→ **Task description**
In the material below, pictures must be dropped. Repeat exactly, and only, the lines from the line with "AMORE MORE смотреть онлайн 7,8,9 серия" to the line with "God of Martial Arts Chap 669 - Next Chap 670", both ends included.

→ **Records for this task**
*****
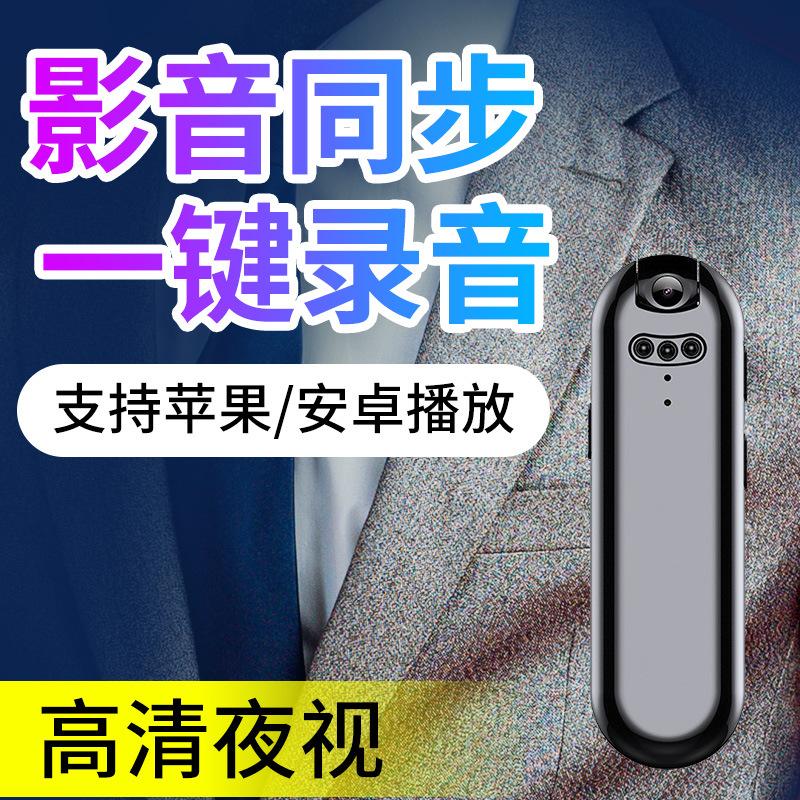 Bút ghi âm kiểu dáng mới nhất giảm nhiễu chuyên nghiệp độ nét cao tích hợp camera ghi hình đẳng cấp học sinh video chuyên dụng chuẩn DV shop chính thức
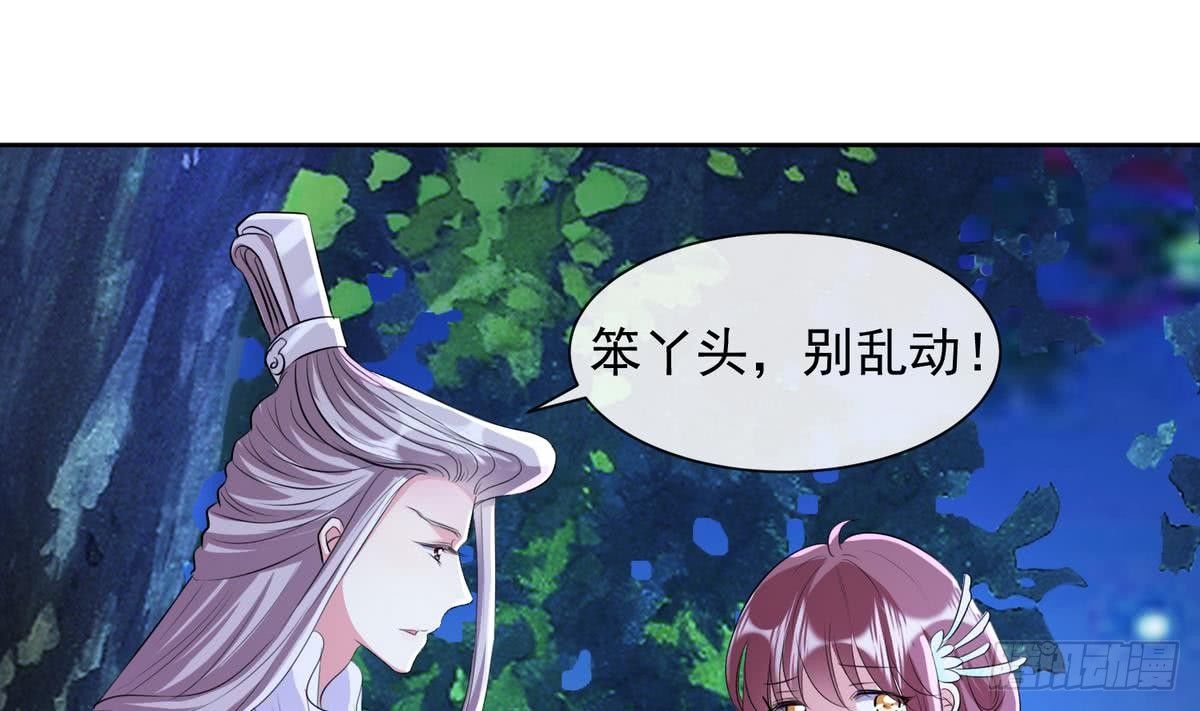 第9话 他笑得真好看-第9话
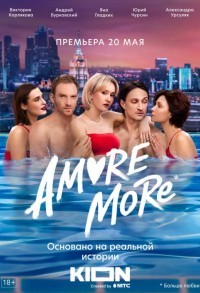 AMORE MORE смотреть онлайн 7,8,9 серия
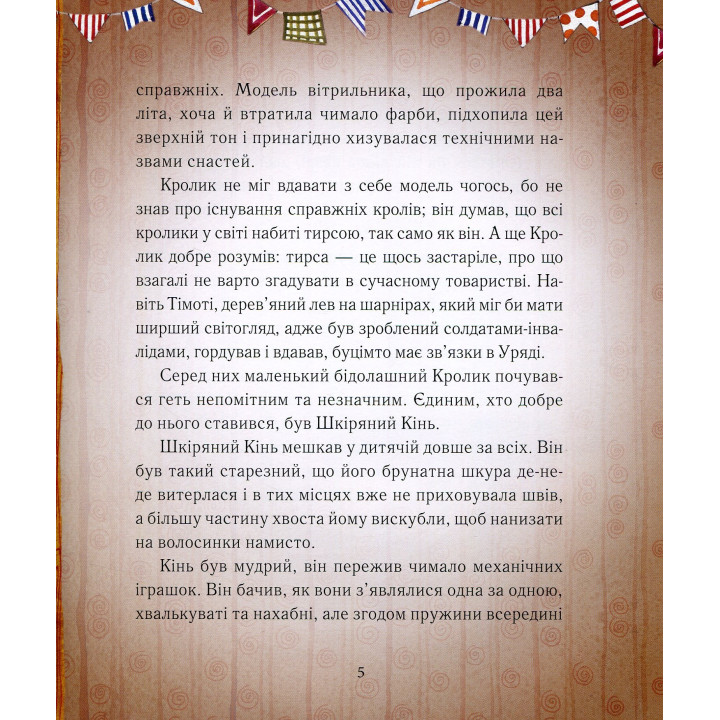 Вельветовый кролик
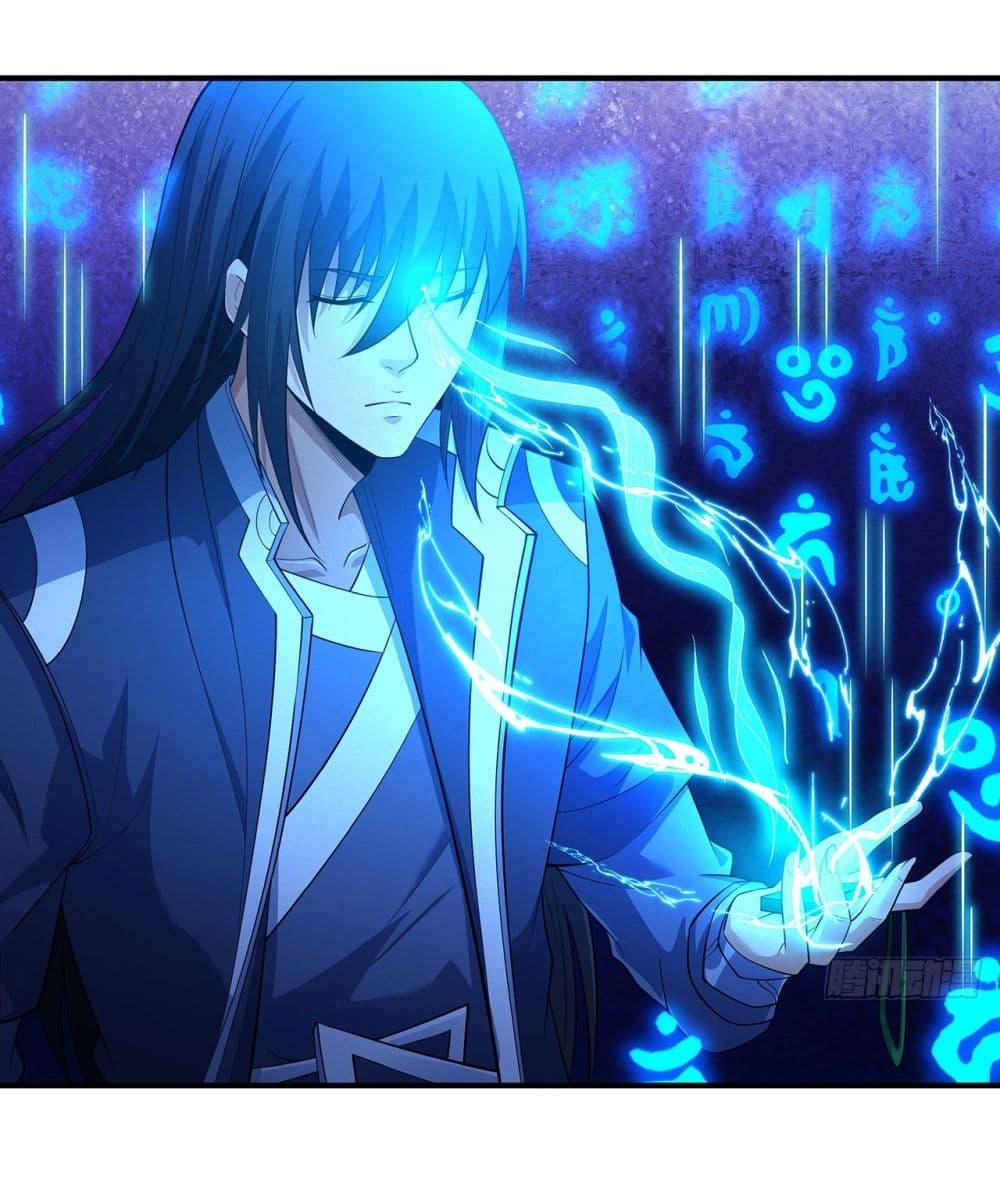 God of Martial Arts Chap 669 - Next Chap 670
*****
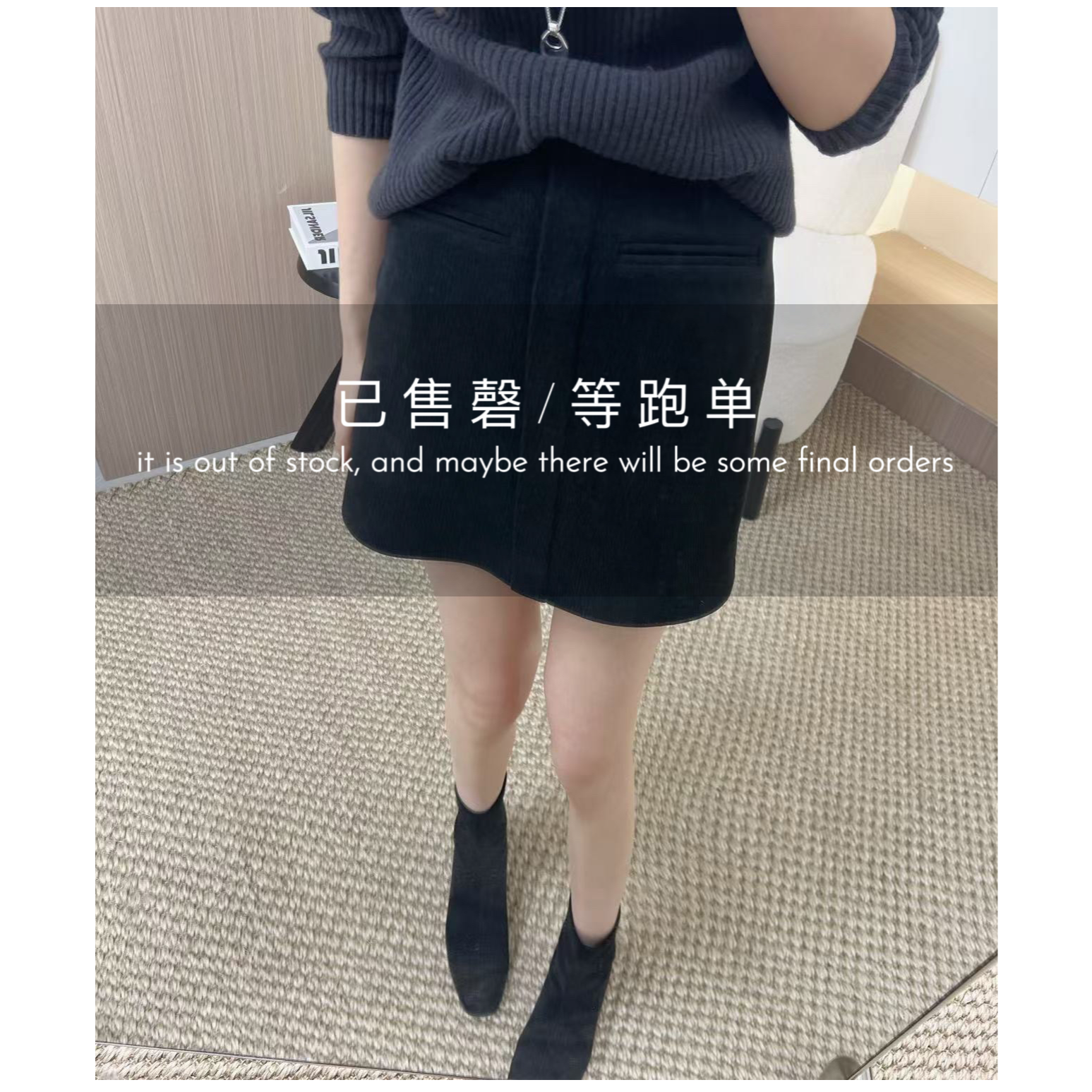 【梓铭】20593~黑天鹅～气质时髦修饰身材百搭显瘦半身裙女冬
*****
→ **Answer to the exercise**
 AMORE MORE смотреть онлайн 7,8,9 серия
 Вельветовый кролик
 God of Martial Arts Chap 669 - Next Chap 670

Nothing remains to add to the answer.